Member of the Indiana House of Representatives
- In office November 4, 1942 – November 3, 1948
- Succeeded by: Forrest Littlejohn

Personal details
- Born: Wilbur Homer Grant December 11, 1897 New Albany, Indiana, U.S.
- Died: August 25, 1983 (aged 85)
- Party: Republican
- Education: Scribner High School
- Occupation: Politician, lawyer, judge

= Wilbur Grant =

American politician (1897–1983)

Wilbur Homer Grant (December 11, 1897 – August 25, 1983) was an American lawyer, judge, and state legislator from Indiana. He was a veteran and a Republican. He represented Indianapolis in Marion County in the Indiana House of Representatives from 1943 to 1947. He was succeeded by Forrest W. Littlejohn.

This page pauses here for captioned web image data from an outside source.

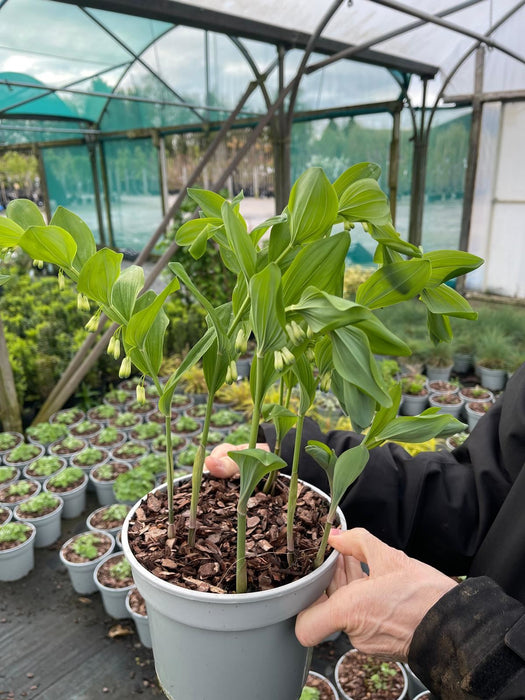 Polygonatum Multiflorum 3 Litre Pot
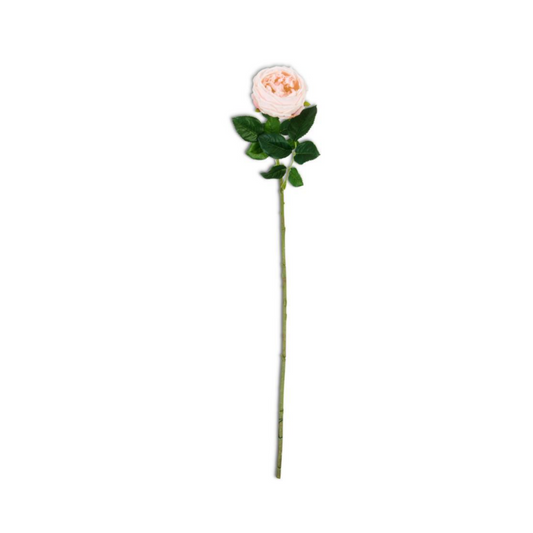 Rosa Durazno Real Touch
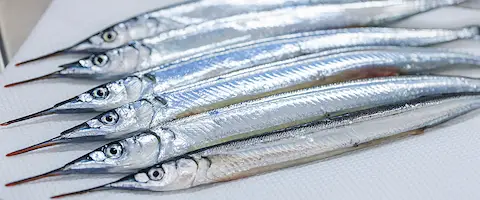 小さい（エンピツ）サヨリの食べ方は骨ごとフライパンで塩焼き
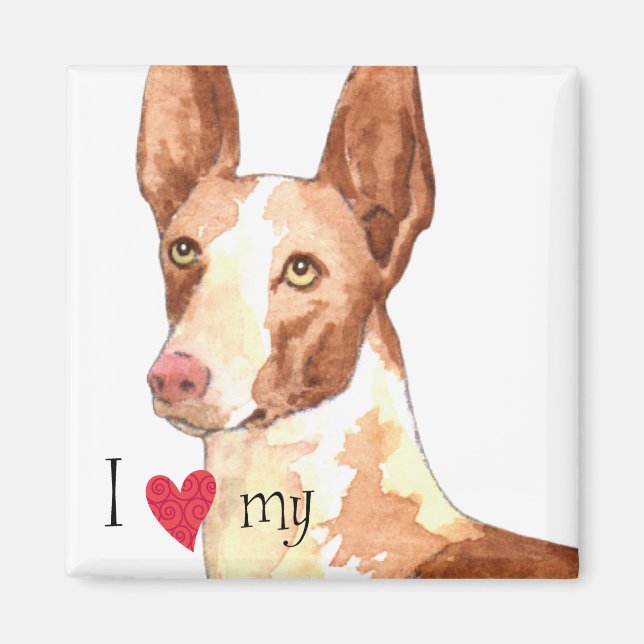 I Kärlek my Ibizan Hound Magnet (Framsidan)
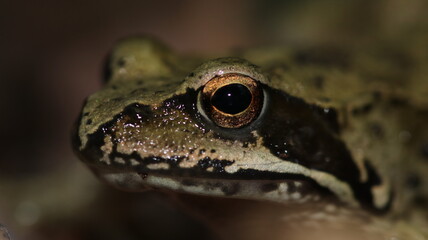 frog on a leaf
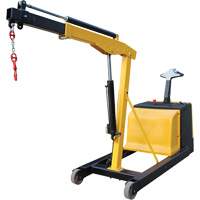 Grue d'atelier &eacute;lectrique, Lev&eacute;e 8,8', 1500 lb (0,75 tonne), 44-1/4" bras, 62-1/4" ha Cintas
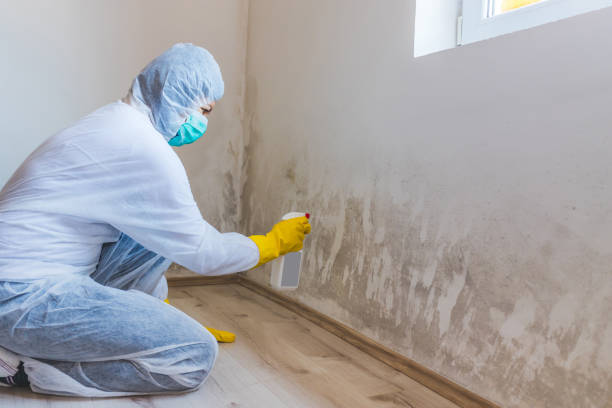 Mold Remediation specialist working in Seaford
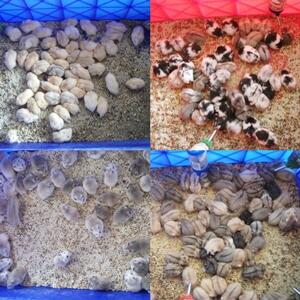 Jual Hamster Grosir Eceran Partai Murah 4500 Tangerang Jakarta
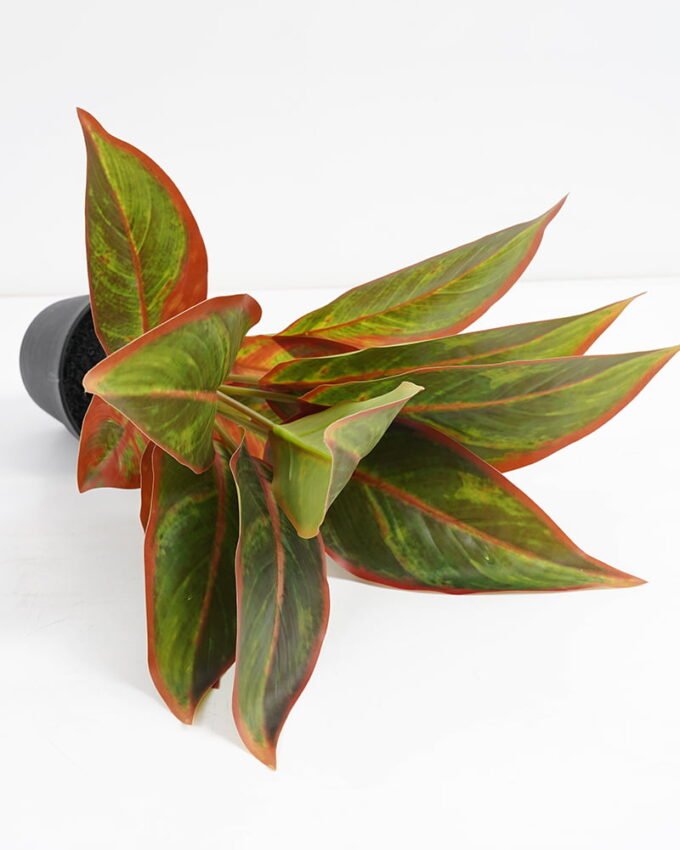 Artificial Plant 32*32*34cm Rohdea japonica in pp pot GS-06921033-G1 Potted Flowers&Plants 3,000+ sqm showroom with thousands of artificial flowers, plants & trees ready for global sourcing.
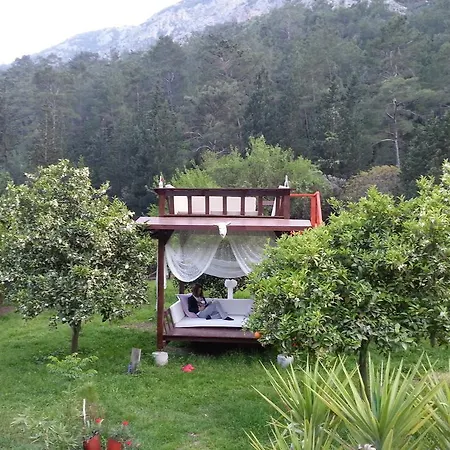 Portalimo - Adult Only +12 * Çıralı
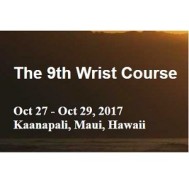 9th Wrist Course 9th Wrist Course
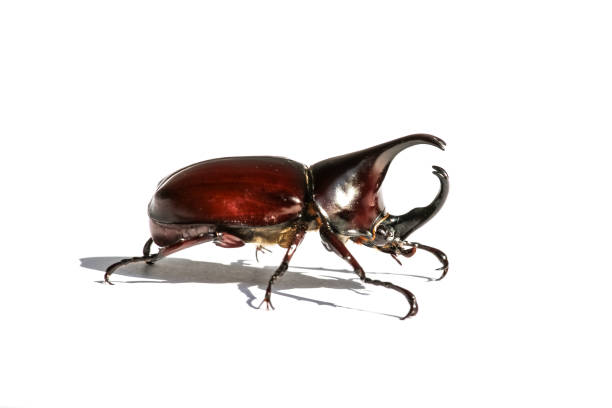istock Stag or Rhinoceros beetle 1054958302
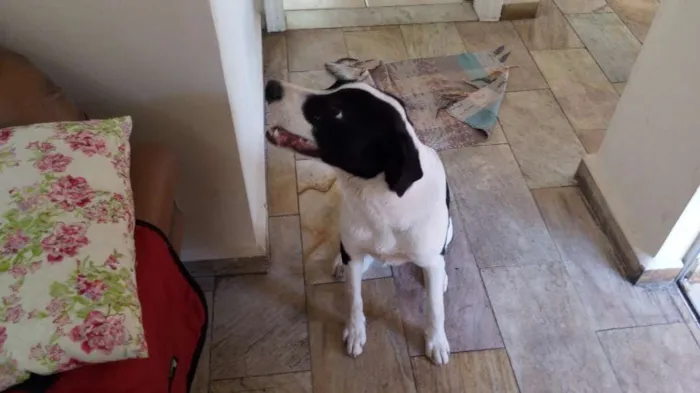 Cachorro ra a SRD idade 7 a 11 meses nome Appa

He was born in New Albany, Indiana, and graduated from Scribner High School in 1916. He moved to Indianapolis to study law, and in 1926 he received his LL.B. from the school later known as the IU McKinney School of Law.

He represented Marion County, Indiana in the Indiana House of Representatives as a Republican from November 4, 1942, until November 3, 1948. He was African American.

Grant served two four-year terms in the Marion County Superior Court, winning election in 1966 and 1970, but losing in 1974.